[Records from a collection]
□ □ □ □ □ □ □
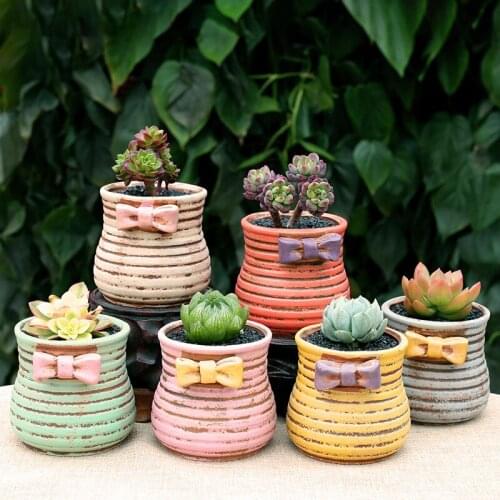Korean Ins Lovely Bow Round Ceramic Flowerpot Creative Mini Green Plant Thumb Potted Indoor Home Balcony Creative Gardening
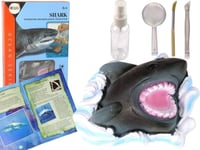 Leantoys Pedagogisk Grävmaskin Ammonite Shark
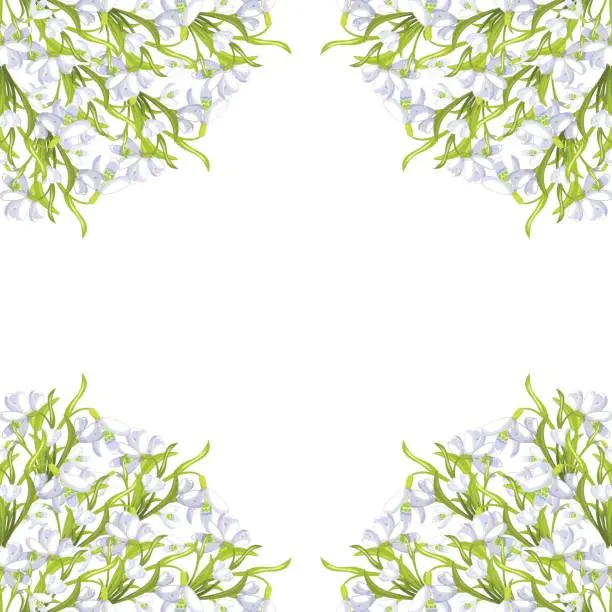 Vector illustration of snowdrop flower blossomed with leaves. Vector illustration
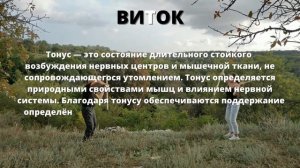 Методика Виток #2022 Описание методики. Упражнения с гимнастическими палками. #тренировка #полезные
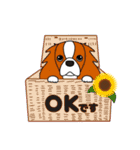 キャバリア ロンドン 3（個別スタンプ：1）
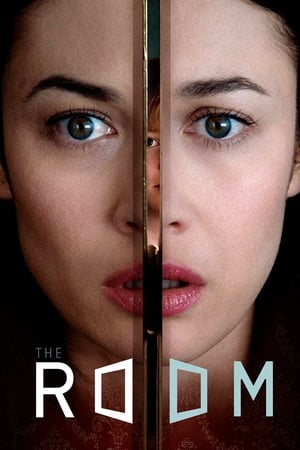 The Room 2019 Hindi Dual Audio 300MB Movie Poster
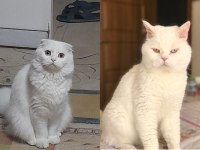 BRİTİSH SHORTHAIR ERKEK YAVRU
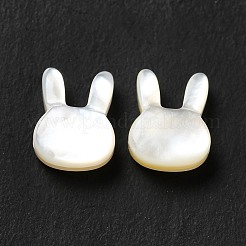 Натуральные белые бусины из ракушек SHEL-G014-12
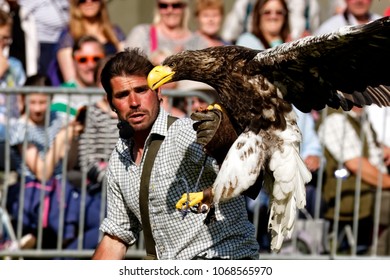 Shepton Mallet, Somerset, UK - June 3, 2016: Falconer Ben Potter With His Steller's Sea Eagle At An Agricultural Show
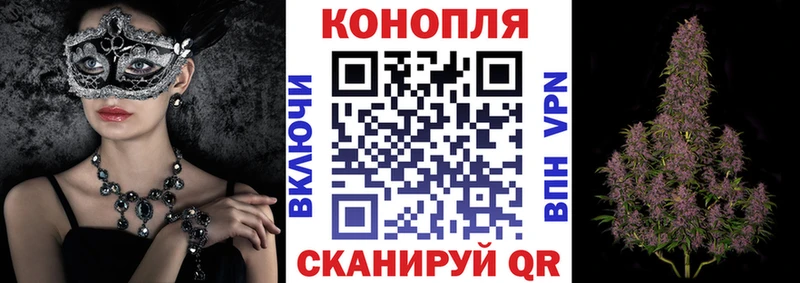 Конопля VHQ blacksprut зеркало Нея наркошоп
□ □ □ □ □ □ □
▶ [WHAT IS REQUIRED]
Retyped exactly, the lines from the one holding "The Room 2019" through the last line of the data above are the whole answer. Pictures stay out.

▶ [OUTPUT OF THE EXERCISE]
 The Room 2019 Hindi Dual Audio 300MB Movie Poster
 BRİTİSH SHORTHAIR ERKEK YAVRU
 Натуральные белые бусины из ракушек SHEL-G014-12
 Shepton Mallet, Somerset, UK - June 3, 2016: Falconer Ben Potter With His Steller's Sea Eagle At An Agricultural Show
 Конопля VHQ blacksprut зеркало Нея наркошоп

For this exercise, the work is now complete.